How Audit Committees can drive action on sustainability
The financial consequences of delayed action on climate and nature are becoming increasingly clear for business: transition costs, uninsurable assets, supply chain disruptions and more. Long-term resilience and financial value creation will depend on how effectively these risks and opportunities are managed today.
As part of our ongoing Audit Committee Dialogue series, Chapter Zero and A4S brought together Audit Committee Chairs and members to explore:
- The link between climate and nature
- The audit committee's role in overseeing controls and assurance over sustainability-related information
- How frameworks (such as the Taskforce on Nature-related Financial Disclosures recommendations) can be used to guide consideration of climate- and nature-related matters
The discussion also examined the use of AI in structuring sustainability data, lessons from the insurance industry on risk measurement, and how to position nature as a driver of value creation.
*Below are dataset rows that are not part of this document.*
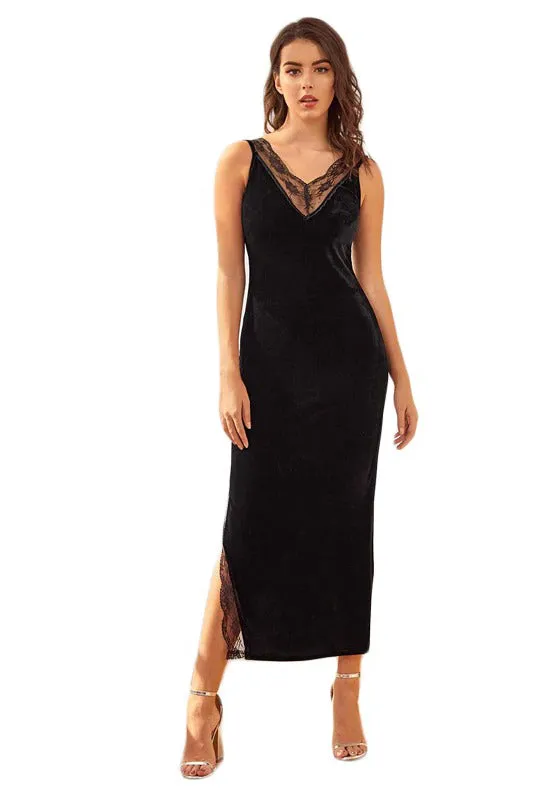 Lace Detail Split Hem V-back Velvet Nightdress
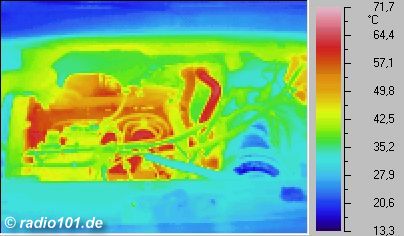 la Moteur dun VW Golf (thermographic foto / thermal picture)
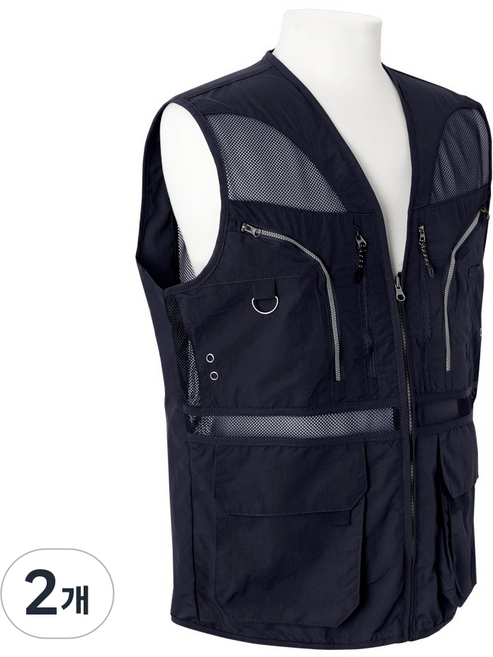 엠엔씨 넘버 망사 작업조끼 MDJK168PP, 네이비, 2개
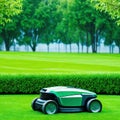 Automatic robot lawn mower on a green lawn with summer landscape High quality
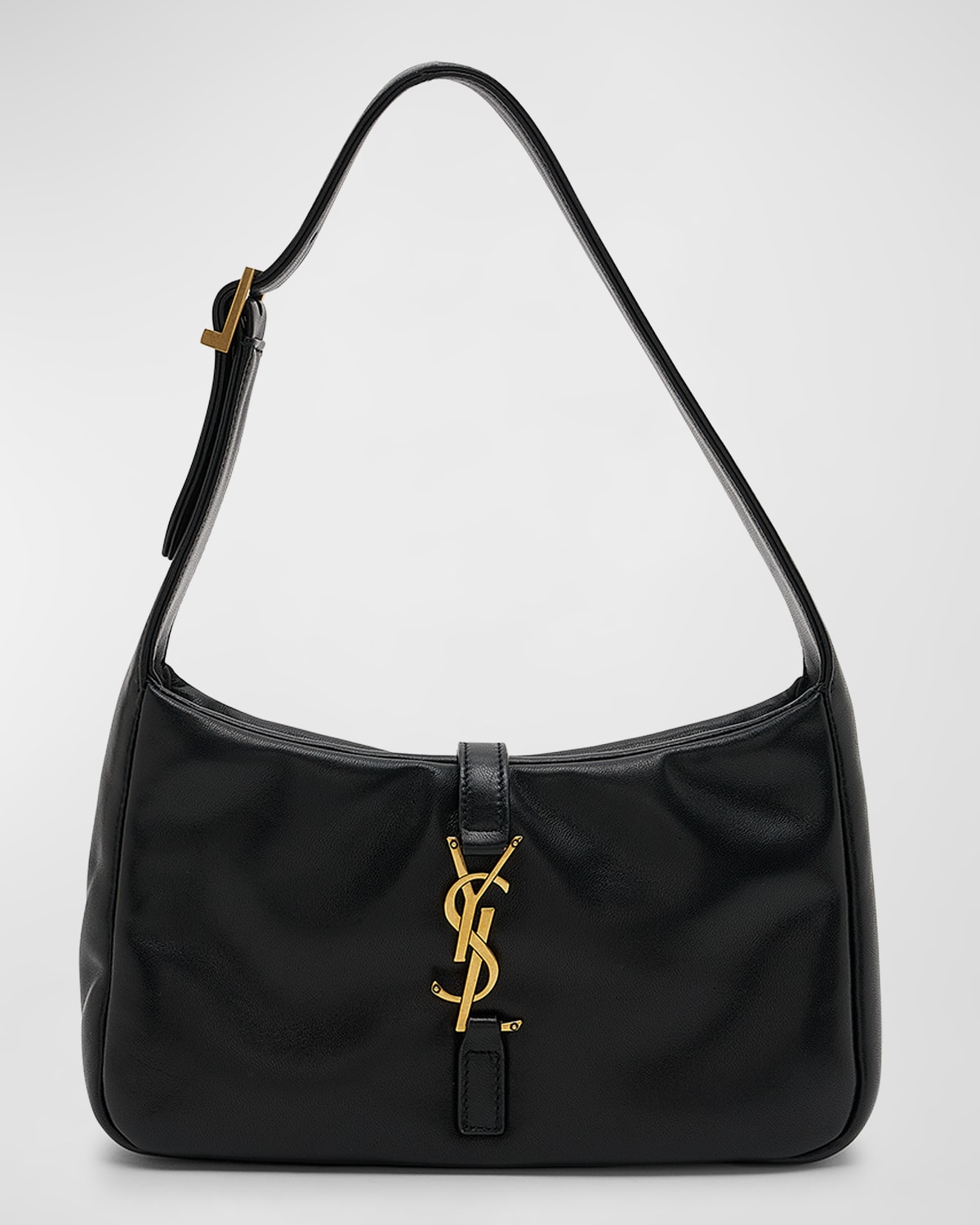 Saint Laurent Le 5 A 7 Ysl Shoulder Bag In Padded Smooth Leather In Noir
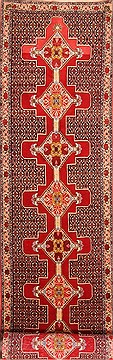Sanandaj Red Runner Hand Knotted 3'0" X 13'6"  Area Rug 100-21799
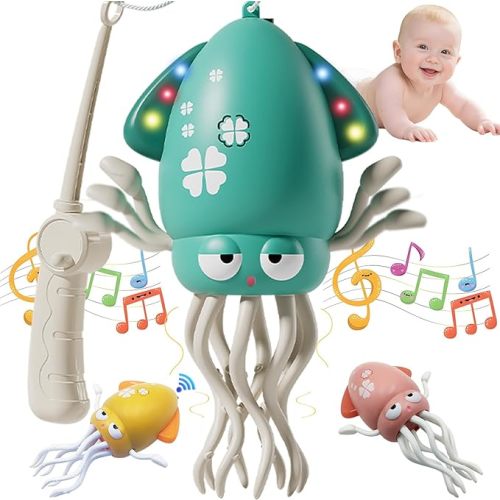 Electric Crawling Dancing Octopus Toy for Walking Baby Boy Girl 0-6 6-12 12-18 Months, Infant Tummy Time Musical Magic Dancing Squid Toy for 3 4 5 6 7 8 9 10 11 12 Toddler 1st Birthday Gift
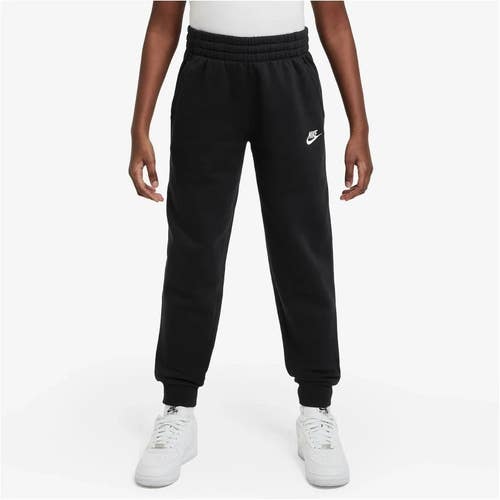 Nike Club Joggers Pants Unisex Kids Medium Black Cotton Fleece Drawstring TLW177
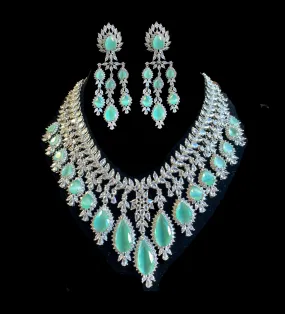 BR66 Nafisa  necklace set in mint green  ( READY TO SHIP  )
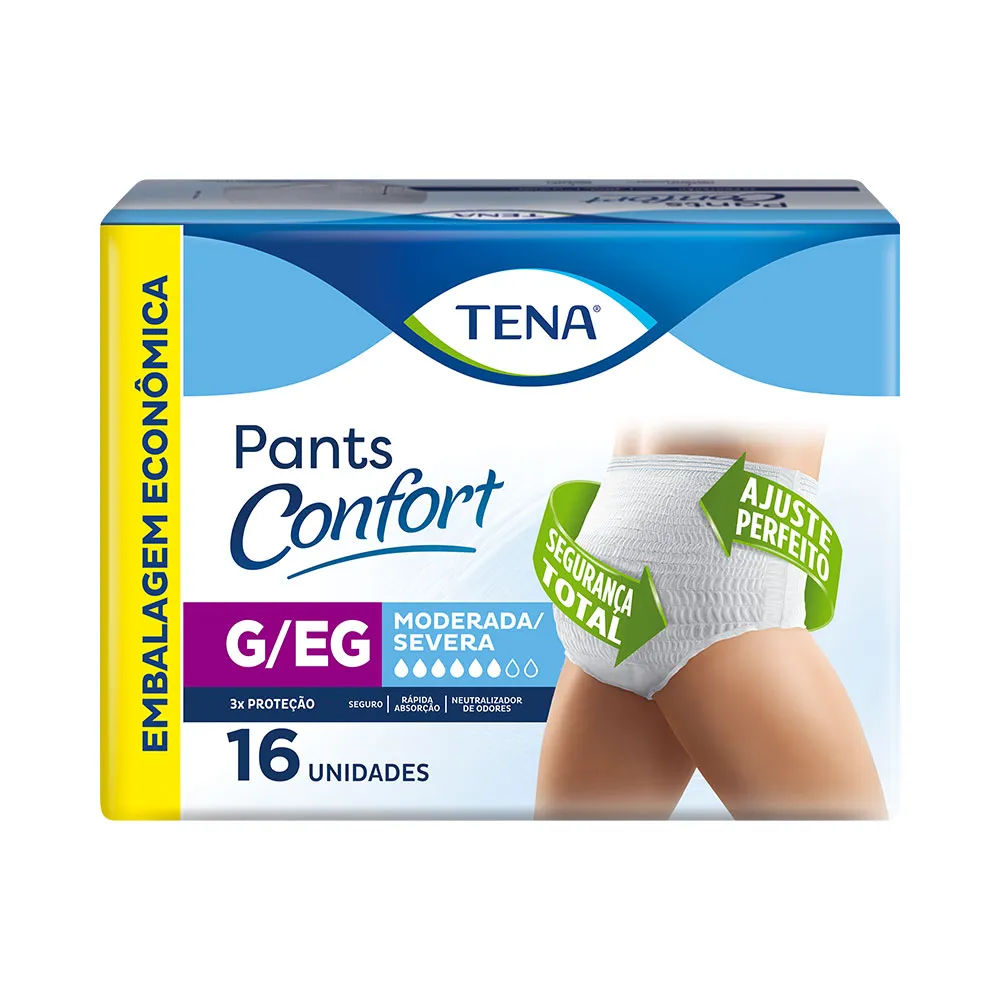 Roupa Íntima Tena Pants Confort G/EG Embalagem Econômica 16 Unidades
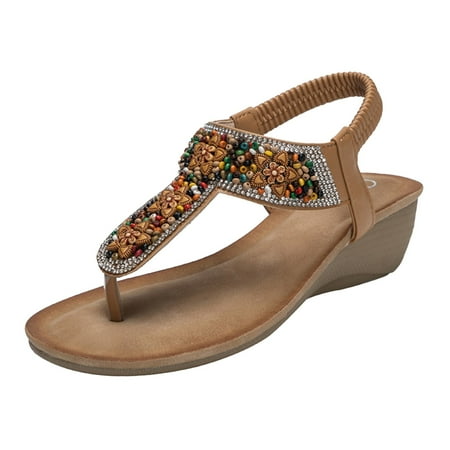 

Larisalt Sandals For Women Dressy Summer Women s Flat Sandals with Rhinestone Open Toe Elastic Slip On Slingback Comfort Casual Walking Sandals Khaki
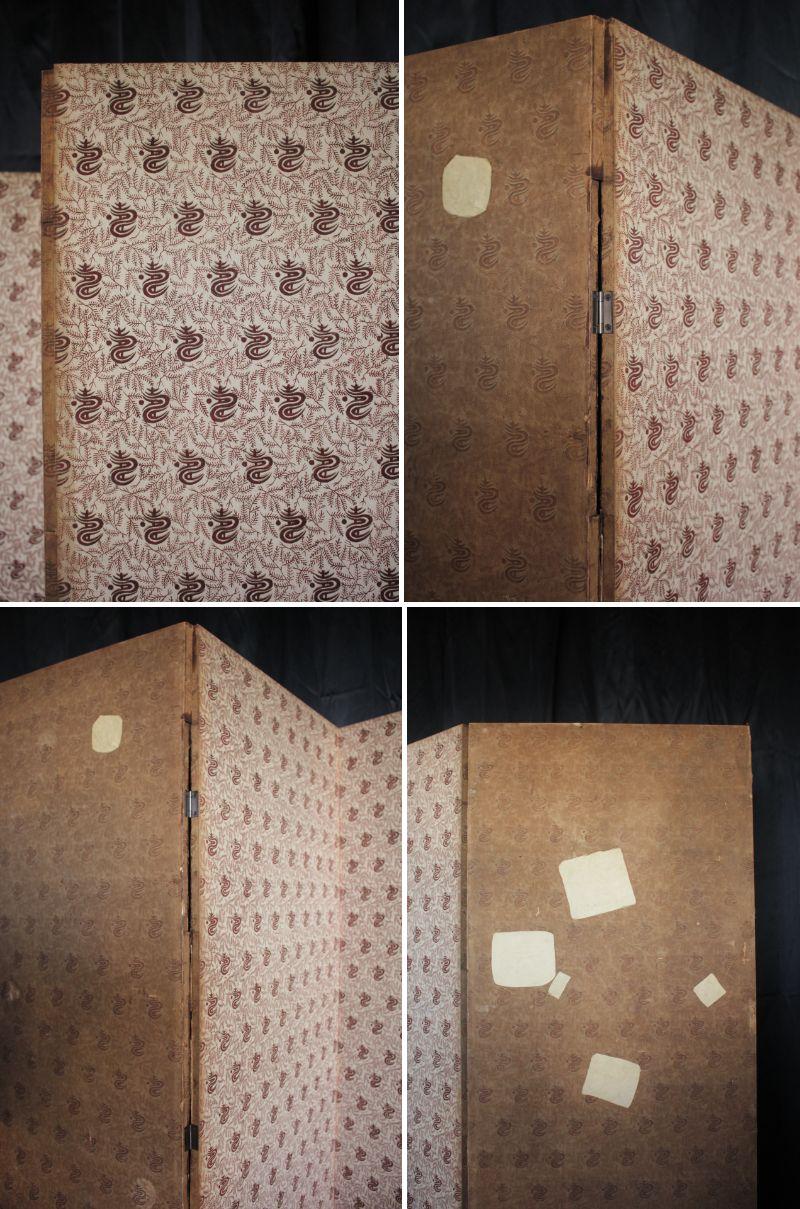 Japanese Antiques Silver folding screen, 6-panel , cranes and pine For Sale 13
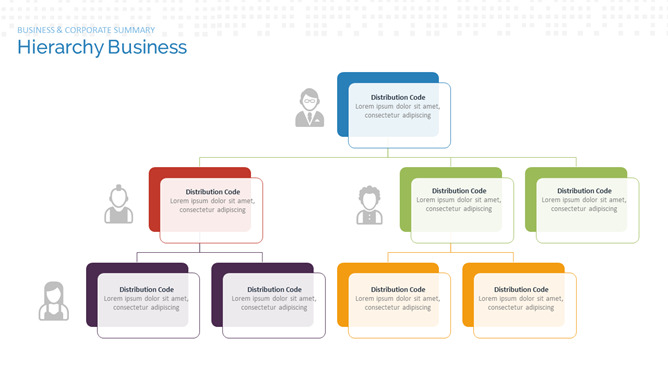 简洁组织构架图PPT素材-大怪兽分享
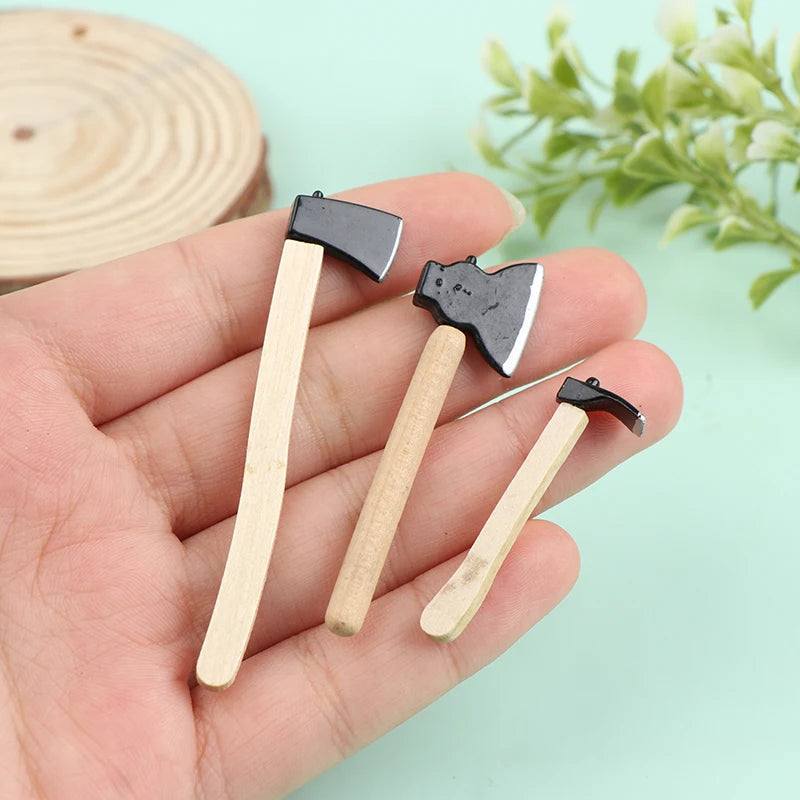 3er-Set Mini Holz Metall Beil Axt Puppenhaus Miniatur Werkzeuge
In response to the discussions, the following questions were designed to help audit committees challenge management, the board and fellow committee members on governance, risk, assurance and reporting:
- Are climate- and nature-related risks being translated into financial effects and clearly integrated into financial reporting?
- Do we have a robust end-to-end control environment for climate- and nature-related information, including data governance, clear ownership and evidence for key judgements?
- Is our assurance model fit for purpose, with internal audit and external providers demonstrably competent on climate and nature?
- Are our disclosures complete and decision-useful, and do they include credible explanations for baseline changes and estimates?
This roundtable is the third in our Audit Committee Dialogue series, delivered in collaboration with Chapter Zero.